Go through the data and copy every line exactly, but not the images.

*Source data*.
☆ ☆ ☆ ☆ ☆ ☆ ☆

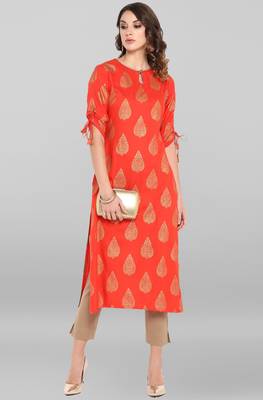 Janasya Women's Coral Red Rayon Kurta With Pant 2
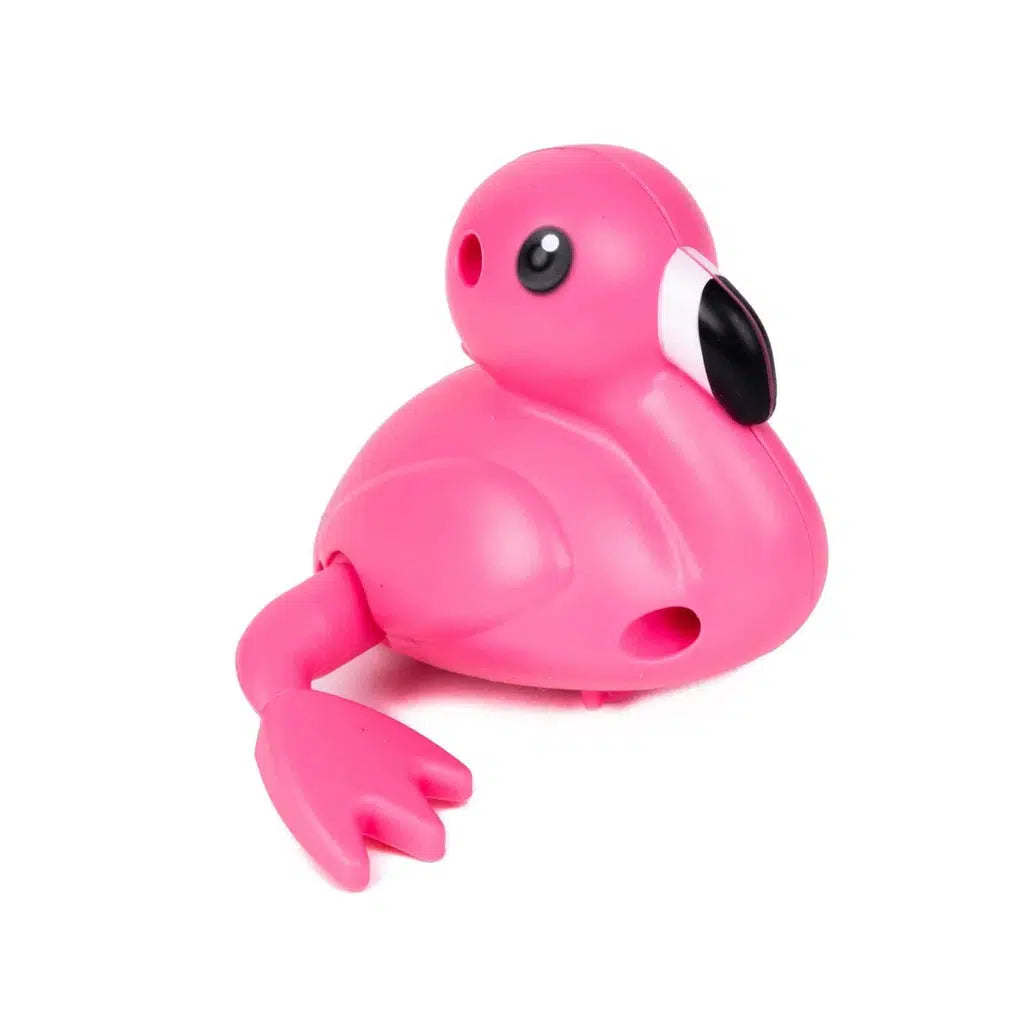 This charming Wind Up Toy Flamingo features a pink plastic body, black beak, and large eyes.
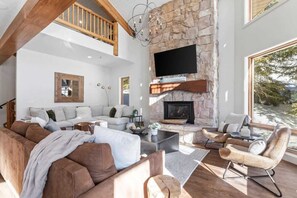 TV, fireplace, offices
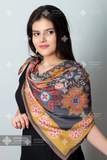 SILK SCARF WITH ARMENIAN ORNAMENT / SQUARE 026 / FREE DELIVERY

☆ ☆ ☆ ☆ ☆ ☆ ☆

*The answer*.
 Janasya Women's Coral Red Rayon Kurta With Pant 2
 This charming Wind Up Toy Flamingo features a pink plastic body, black beak, and large eyes.
 TV, fireplace, offices
 SILK SCARF WITH ARMENIAN ORNAMENT / SQUARE 026 / FREE DELIVERY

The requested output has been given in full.